Though short-lived as a movement (roughly 1880 to 1914), Art Nouveau had a lasting influence on Western design. Like the Arts and Crafts movement that preceded and ran concurrently with it, Art Nouveau was a rejection of the fussy ornamentation of the Victorian Era, as well as the dehumanizing effects of the Industrial Revolution. But whereas Arts and Crafts was reductive, Art Nouveau was exuberant, poaching elements of its overall aesthetic and numerous motifs from sources as varied as Japanese art and the botanical world.

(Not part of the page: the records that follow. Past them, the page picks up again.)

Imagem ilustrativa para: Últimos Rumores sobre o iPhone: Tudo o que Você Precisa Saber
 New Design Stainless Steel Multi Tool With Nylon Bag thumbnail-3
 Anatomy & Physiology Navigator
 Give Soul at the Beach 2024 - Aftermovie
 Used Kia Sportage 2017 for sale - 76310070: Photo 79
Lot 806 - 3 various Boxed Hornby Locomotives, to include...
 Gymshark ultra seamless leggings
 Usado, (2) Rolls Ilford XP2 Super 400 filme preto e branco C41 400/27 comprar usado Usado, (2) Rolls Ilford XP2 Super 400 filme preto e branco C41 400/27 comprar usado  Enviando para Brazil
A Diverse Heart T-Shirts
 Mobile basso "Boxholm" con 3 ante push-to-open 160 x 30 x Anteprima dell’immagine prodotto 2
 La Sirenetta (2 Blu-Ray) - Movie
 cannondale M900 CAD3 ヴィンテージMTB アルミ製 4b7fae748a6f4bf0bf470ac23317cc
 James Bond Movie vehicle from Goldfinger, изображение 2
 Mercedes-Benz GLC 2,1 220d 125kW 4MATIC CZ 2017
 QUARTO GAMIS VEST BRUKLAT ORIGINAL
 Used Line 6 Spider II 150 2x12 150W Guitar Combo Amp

Given its preoccupation with organic, fluid forms, Art Nouveau would not seem well suited to metalwork. In fact, metal was one of its earliest applications, as seen in the vinelike, iron staircase railings designed by Victor Horta for early 1890s Belgian homes. A French architect named Hector Guimard took this impulse even further when, at the beginning of the 20th century, he designed many of the entrances for the Paris Metro. Walking beneath their glass-and-cast-iron awnings was like stepping into an Art Nouveau print by Alphonse Mucha or Jules Chéret.
In terms of decorative objects, silver was used to produce repousséd and chased pieces of jewelry, flatware, mugs, candlesticks, and bowls by manufacturers such as Gorham. Pewter was hammered into the shapes of tureens, as well as mirror and picture frames, while bronze was cast by Tiffany into lamp bases that supported and accentuated their stained-glass shades. And then there were companies like Liberty & Co. in the U.K., which cranked out cigarette cases, match holders, and clocks in both Arts and Crafts and Art Nouveau styles, ironically, perhaps, bringing these movements that spurned mass-production techniques to the masses.